His first book was a biography of Émile Zola, Zola and His Time: The History of His Martial Career in Letters (1928). Interested in 19th-century French literature, he also wrote the biographies Victor Hugo (1942) and Stendhal (1946). His books about American economic history include The Robber Barons: The Great American Capitalists, 1861–1901 (1934), which chronicles the lives of late 19th century barons of industry like John D. Rockefeller and Andrew Carnegie, Edison: A Biography (1959) and The Money Lords: The Great Finance Capitalists, 1925–1950 (1972). Josephson wrote two memoirs, Life Among the Surrealists (1962) and Infidel in the Temple (1967), and with his wife Hannah, a biography of Al Smith. He was elected a member of the National Institute of Arts and Letters in 1948.

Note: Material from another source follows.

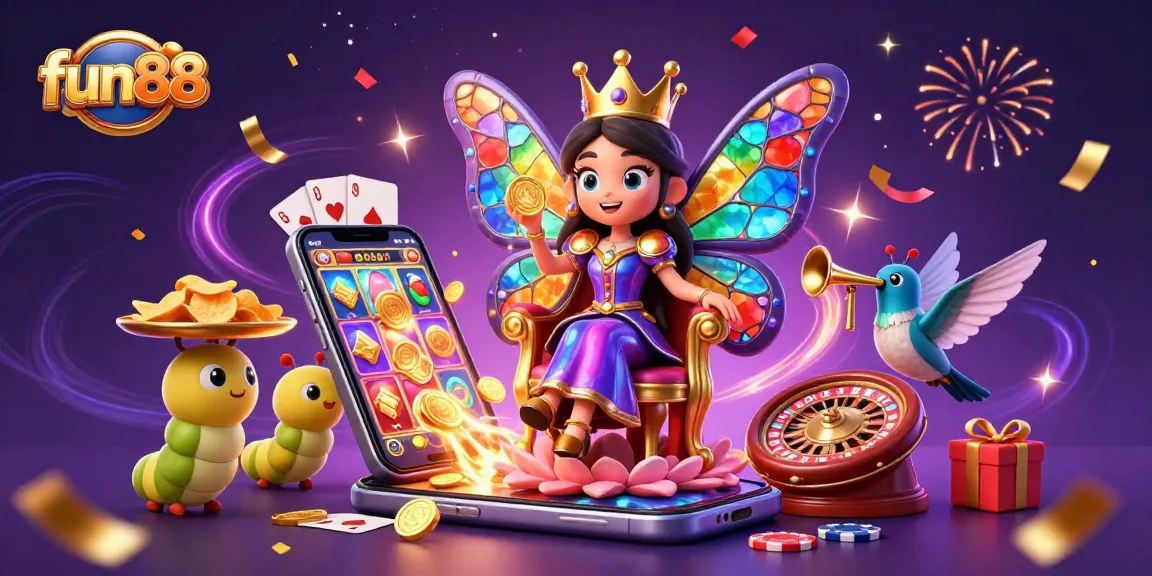 Experience fun88's vibrant casino world with colorful games, celebrating a win amidst the action.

Born in New York City, Hannah Josephson, née Geffen (1900-1976) studied at Hunter College and at Columbia University’s Graduate School of Journalism. She married Matthew Josephson in 1920 and started working as a journalist. In 1949 she became librarian, editor of publications, publicity director and director of manuscript exhibition for the American Academy of Arts and Letters until her retirement in 1965.

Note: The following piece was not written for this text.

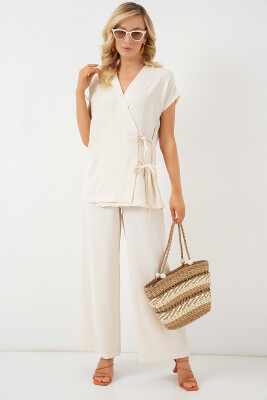 Kadın Kısa Kol Bağcıklı Ayrobin İkili Takım 6741 - Krem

Together with Malcolm Cowley, Hannah Josephson published Aragon: Poet of the Resistance. Her own books include The Golden Threads about women workers in the textile mills of Massachusetts between 1822 and 1850. With her husband she wrote Al Smith: Hero of the Cities which received the Van Wyck Brooks Award of the University of Bridgeport. Her last book was Jeanette Rankin: First Lady in Congress. Josephson also translated several books including Louis Aragon’s The Century Was Young, Philippe Soupault’s Age of Assassins and Gabrielle Roy’s The Tin Flute.